The New York-based womenswear label works closely with a factory in founder Jenny Wang’s hometown of Jiangshan, China for production, and as such is highly exposed to US tariffs on China, which are now up to 145 percent. Because Wang has a close personal relationship with the factory, she and her co-founder (and husband) Matthew Howell have been in talks with them to reduce costs. The have also been negotiating concessions with their stateside landlord and suppliers.

But still, price increases are inevitable: “At 150 percent, there’s no balance. If we don’t [raise prices], then we’re toast,” said Wang.

Their shoppers, they know, won’t be thrilled. So to soften the blow, the brand decided to focus on manufacturing clothing made from natural fibres — consistently a top request from customers. If its products were more premium, they figured, it would help justify the jump in price.

“If we need to increase prices, we want to show the customers that we’re listening to them and we’re giving something in return,” said Howell.

Going upmarket is just one tactic that brands are considering as they grapple with how to respond to Trump’s tariffs, the most sweeping in nearly a century.

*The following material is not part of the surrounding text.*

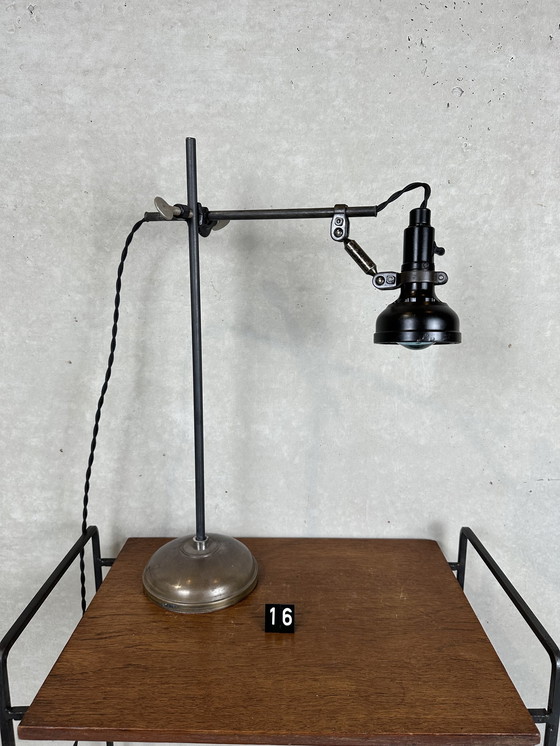 Image 1 of 20x industriële Singer lampen - bakeliet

Other brands are adding a flat fee to purchases and telling customers exactly why they’re suddenly paying more. Sexual wellness brand Dame has included a $5 fee in customers’ carts called the “Trump tariff surcharge,” accompanied by a visual of the US President’s hair.

“Businesses should be putting a line item, calling it international trade tax,” said Charlotte Palermino, founder of the skincare brand Dieux, which is in talks with its contract manufacturer this week about which raw materials it sources for its products might be impacted. “Call it what it is.”

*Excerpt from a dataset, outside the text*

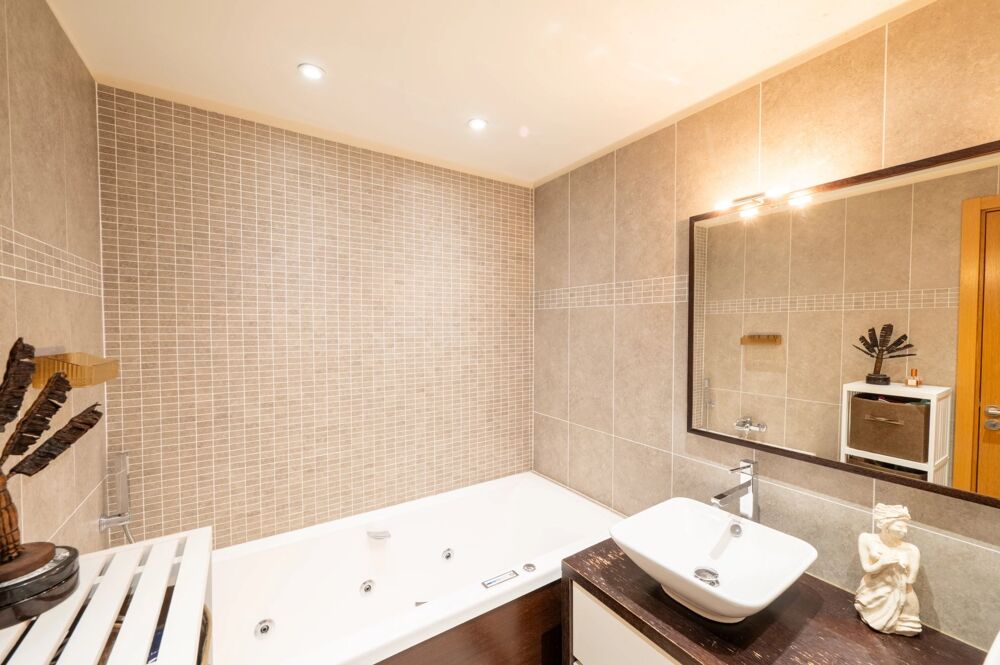 à vendre  Appartement Saint-Raphaël (83700)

Transparency is another tactic, especially for brands that are waiting to see whether Trump goes ahead with higher tariffs on individual countries, currently subject to a 90-day pause. The hope is by showing customers they’re doing everything they can – negotiating with factories, shipping extra inventory ahead of potential tariffs – customers will be more forgiving (or at least make a purchase before price increases kick in).

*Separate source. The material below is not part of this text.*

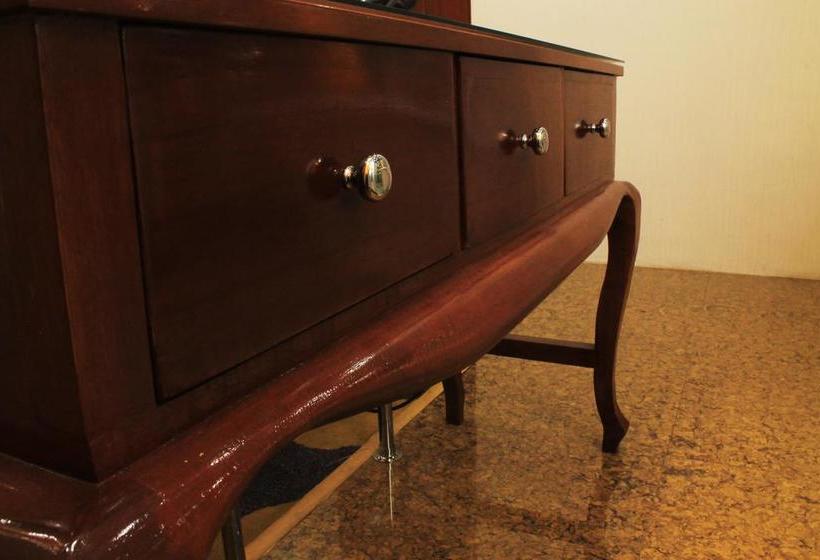 酒店 Belgian Suites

“Focus on what you can control, because so much is going to be out of your control, and lead with that,” said Lori Ruggiero, managing partner at public relations firm 5WPR.

Open Communication

Even if prices have not yet changed, it’s best to keep customers in the loop with frequent updates, to make sure they know a brand is doing what they can to keep products accessibly priced, even amid the potential impact of coming tariffs.

Skincare brand Cocokind, for instance, hosted an open “Tariff 101” Zoom call last week in which Cocokind founder and CEO Priscilla Tsai and Carol Chan, the brand’s senior vice president of finance and operations, broke down how tariffs could impact their pricing models and profit, making clear the significant impact they could have on their bottom line. The brand also invited representatives from their logistics and packaging providers to discuss import rules, alternative sourcing and more. Anyone, from customers to competitors, could join and hear the brand’s insights on the current situation. The goal was to walk through different scenarios — and potential solutions — with their community, an attempt to deal with the situation collectively.

This type of transparency has been many brands’ strategy as they adjust to a new reality, largely seen in the form of communications on social media about what brands do — and don’t — know about how tariffs will impact their businesses. For example, Colette Laxton and Mark Curry, the founders of UK-based skincare brand The Inkey List, posted a video on the brand’s Instagram feed explaining that they would keep their customers up-to-date along the way as tariffs evolve, even if they don’t have all the answers yet.

It’s easier, of course, for a smaller business to have this kind of informal and direct line of communication with its customer base. For larger companies, Ruggiero suggested approaching communications with controlled transparency, rather than “full open kimono,” she said — explaining the decision-making process and making clear that increasing prices was a last resort.

Regardless of the size of the company, if prices do need to change, the brand should highlight the value they bring to the table, and how increasing price is necessary to maintain quality. This is especially crucial for luxury brands.

“I wouldn’t lead with, ‘We’re raising our prices.’ I would lead with the integrity of our product,” said Jhara Valentini, founder of advertising agency Valentini Media Group. “The conversation you create has to be around the emotive component.”

A Hybrid Approach

In the meantime, however, brands are hoping to drive more purchases before increases come.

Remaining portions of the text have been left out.